Richard Matheson

A god amongst writers has fallen.

When Ray Harryhausen died, that was a tough day.  Not many people in my generation got the chance to be raised on the mans work like I was.  Thankfully, I had a father that saw fit to expose me to his films.  The fact that the man no longer walks the earth still hasn’t settled in with me.

If Harryhausen was the godfather of movie magic and special effects, then Richard Matheson was the simply a god amongst writers.  Little did I know when I was a kid, and my dad was showing me old Twilight Zone episodes and trying to freak me out with Trilogy of Terror that one man was behind most of it.  That man was Matheson.

Richard Matheson was a one of a kind writer.  Unique in his tales of horror, scifi, fantasy. He was never held down by one specific genre. He wrote numerous books and short stories that ended up being adapted, by the man himself, for the Twilight Zone.  Episodes like Steel (That inspired Real Steel), Little Lost Girl, and possibly his most famous, A Nightmare at 20,000 feet.  (There’s something one the wing!)  He wrote screenplays for the telemovies of Kolchak the Night Stalker, the western Lawman, and even wrote an episode of the original Star Trek “The Enemy Within”.  In the 70’s many of his short stories found themselves as made for TV films.  Most famously were Trilogy of Terror, which featured Karen Black fighting off a possessed Zuni fetish doll, and more importantly, he wrote the film that would start the career of a young upstart director named Steven Spielberg with Duel.

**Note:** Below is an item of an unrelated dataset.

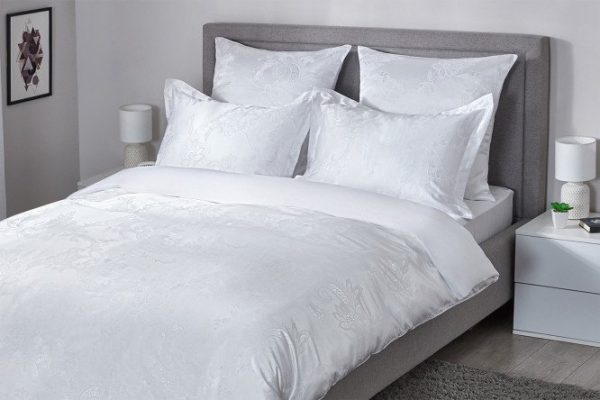 Bed linen set ESTUDI BLANCO Mariella Satin jacquard 175x215 cm, 2 bedrooms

Suspense was his art.  Terror was his brush strokes.  He commanded an unique voice amongst literature by added s bit of realism to the supernatural.  Most famously perhaps in his most well known work of all time, I Am Legend.  The tale of the last normal man on Earth surrounded by Vampires.  Not zombies, but Vampires.  His take on the Nosferatu was spelled out in the pages of his opus as not a curse, but by a germ.  Predating the Zombie craze by ten years when George Romero, who cited Matheson’s work as inspiration, would create Night of the Living Dead.  The book would go on to be adapted 3 times.  The Last Man on Earth starring Vincent Price, Omega Man starring Charlton Heston, and most recently, I Am Legend starring Will Smith. While all had their unique take on the source material, no one has yet to properly adapt that book in my opinion.

Matheson left behind a variable kings ransom of work that has forever influenced the literary and film world as we know.  With out Matheson, people like Ann Rice or Stephen King might not be who they are today.  The man’s career spanned a whopping 60 years, and he was still going up until his death yesterday.

No details on what finally took him from the world, but he was 87.

Matheson will always live on in his works.  He will, ironically, go down in history, as a legend.